このジョンソン郡の戦争、ネイトの虐殺を知ったブッチはかねてから大地主連合に強い反発を抱き、自作農に同情を寄せており、ネイトと知り合いだったこともあり、感情が爆発したのだろう。興奮しウィンチェスター銃を握り馬を疾走させ、高まる感情を沈めなければならいほどだった。それから、珍しく長舌を奮った。
"オールド・ウエストの時代は終わった。だがこれから、俺たちが自分流で守ろうとしていたオールド・ウエストの伝統を見せてやろうではないか。優れた馬、馬具、武器、我々の優れた能力で牧畜王族どもの鼻先から、大量の牛を盗んでやろうではないか。一人の自作農を殺したことくらいで、済まないことを教えてやろうではないか。奴らが何をおっぱじめたのか教訓を与えてやろうではないか"と、奇妙な論理を展開し、興奮が収まると、"もうここは自由の国ではなくなった"と、嘆息したとマットの回顧録にある。
時代の認識という一点においてだけ、ブッチは正確に現状を捉えていた。ブッチの抱いていたオールド・ウエストの時代の終焉が忍び寄っていたのだ。
17世紀から18世紀にかけて活躍した、インテリの海賊ミッソンとカラミチオーリは髑髏の旗ではなく"自由"と染め抜いた旗を掲げて略奪を続け、マダカスカルに「リベルタリア(自由郷)」と名づけた理想郷を本気で築こうとした。そのために辺りかまわず海賊を働いた。またエリザベス一世からサーの称号を貰った海賊上がりのドレイクも、カソリック教国のスペイン船を盛んに襲い、それが自国、新興国イギリスの利益と結びつき英雄になった。

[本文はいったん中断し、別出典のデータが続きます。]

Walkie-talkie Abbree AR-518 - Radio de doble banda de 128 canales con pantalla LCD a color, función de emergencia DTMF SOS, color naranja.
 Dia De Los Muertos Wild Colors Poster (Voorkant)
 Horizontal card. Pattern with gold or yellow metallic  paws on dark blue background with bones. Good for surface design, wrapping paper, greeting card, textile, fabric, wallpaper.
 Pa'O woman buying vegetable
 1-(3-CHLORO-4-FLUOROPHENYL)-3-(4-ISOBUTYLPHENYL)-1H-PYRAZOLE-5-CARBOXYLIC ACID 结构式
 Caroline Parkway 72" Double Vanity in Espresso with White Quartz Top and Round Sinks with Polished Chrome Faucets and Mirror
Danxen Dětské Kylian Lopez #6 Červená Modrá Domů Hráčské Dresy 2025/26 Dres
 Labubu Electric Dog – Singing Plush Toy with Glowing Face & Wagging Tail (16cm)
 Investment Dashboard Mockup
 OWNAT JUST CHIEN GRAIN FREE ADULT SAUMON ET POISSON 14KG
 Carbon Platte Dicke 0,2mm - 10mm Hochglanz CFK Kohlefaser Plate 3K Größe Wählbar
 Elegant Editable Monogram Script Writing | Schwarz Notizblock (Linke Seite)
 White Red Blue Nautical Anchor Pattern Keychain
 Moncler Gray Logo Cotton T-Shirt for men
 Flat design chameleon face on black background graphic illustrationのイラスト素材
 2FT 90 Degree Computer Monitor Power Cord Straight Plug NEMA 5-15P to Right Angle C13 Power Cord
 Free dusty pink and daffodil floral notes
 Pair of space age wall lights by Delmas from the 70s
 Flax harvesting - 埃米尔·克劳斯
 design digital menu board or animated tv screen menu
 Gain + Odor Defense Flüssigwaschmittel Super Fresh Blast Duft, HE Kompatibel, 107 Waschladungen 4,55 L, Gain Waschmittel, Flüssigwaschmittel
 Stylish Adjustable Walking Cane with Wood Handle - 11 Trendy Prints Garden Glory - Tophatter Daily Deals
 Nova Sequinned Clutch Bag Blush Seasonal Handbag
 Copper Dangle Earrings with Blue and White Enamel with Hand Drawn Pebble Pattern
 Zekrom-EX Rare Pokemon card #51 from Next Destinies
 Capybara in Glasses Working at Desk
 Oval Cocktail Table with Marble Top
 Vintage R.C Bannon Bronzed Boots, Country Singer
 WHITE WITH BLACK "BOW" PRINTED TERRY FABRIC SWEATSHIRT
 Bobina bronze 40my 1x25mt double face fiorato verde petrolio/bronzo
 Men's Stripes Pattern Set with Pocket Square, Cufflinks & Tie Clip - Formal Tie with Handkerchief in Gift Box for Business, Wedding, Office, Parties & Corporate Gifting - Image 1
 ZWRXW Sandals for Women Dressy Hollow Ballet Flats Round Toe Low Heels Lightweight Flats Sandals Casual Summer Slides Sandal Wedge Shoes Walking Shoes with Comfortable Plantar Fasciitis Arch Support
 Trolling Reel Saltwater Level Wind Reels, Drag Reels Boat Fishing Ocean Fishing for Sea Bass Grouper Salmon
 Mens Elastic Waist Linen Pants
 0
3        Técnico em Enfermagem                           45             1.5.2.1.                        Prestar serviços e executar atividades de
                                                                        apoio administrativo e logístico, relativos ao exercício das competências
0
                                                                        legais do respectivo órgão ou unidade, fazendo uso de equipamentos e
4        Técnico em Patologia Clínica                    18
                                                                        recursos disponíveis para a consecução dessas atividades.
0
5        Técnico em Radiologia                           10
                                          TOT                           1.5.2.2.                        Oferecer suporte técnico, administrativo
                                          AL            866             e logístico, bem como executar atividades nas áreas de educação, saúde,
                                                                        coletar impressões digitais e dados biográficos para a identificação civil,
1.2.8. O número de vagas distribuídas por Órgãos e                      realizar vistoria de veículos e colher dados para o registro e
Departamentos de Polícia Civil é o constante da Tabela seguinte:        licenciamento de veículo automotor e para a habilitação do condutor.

犯罪を犯す自由を自国内で認めた国家は歴史上存在しないにしろ、自国内で許されない犯罪行為が対外的には推賞されることは大いにある。絶対的な犯罪行為は存在しないのだ。
ブッチは常に大資本、大地主からモノを盗み、決して貧乏人からモノを掠め取ることをしていないが、それは今の研究家が口にするような、アンチ大資本の思考があってのことではないだろう。また、多くのブッチファンが賞賛し惚れ込み、彼を西部のロビンフッドに例えたが、ブッチが義賊のように、貧しい人々に金銀を分け与えた事実はない。だが、彼の精神のどこかに、行動の根底に、根強い社会の不均衡に対する怒りが感じられるのだ。
ブッチが嘆息したように、古き良きワイルド・ウエストの時代は終焉を迎えつつあった。ブッチの言う良きオールド・ワイルド・ウエストとは盗んだ牛や馬を追って荒野を駆け巡ることだったが。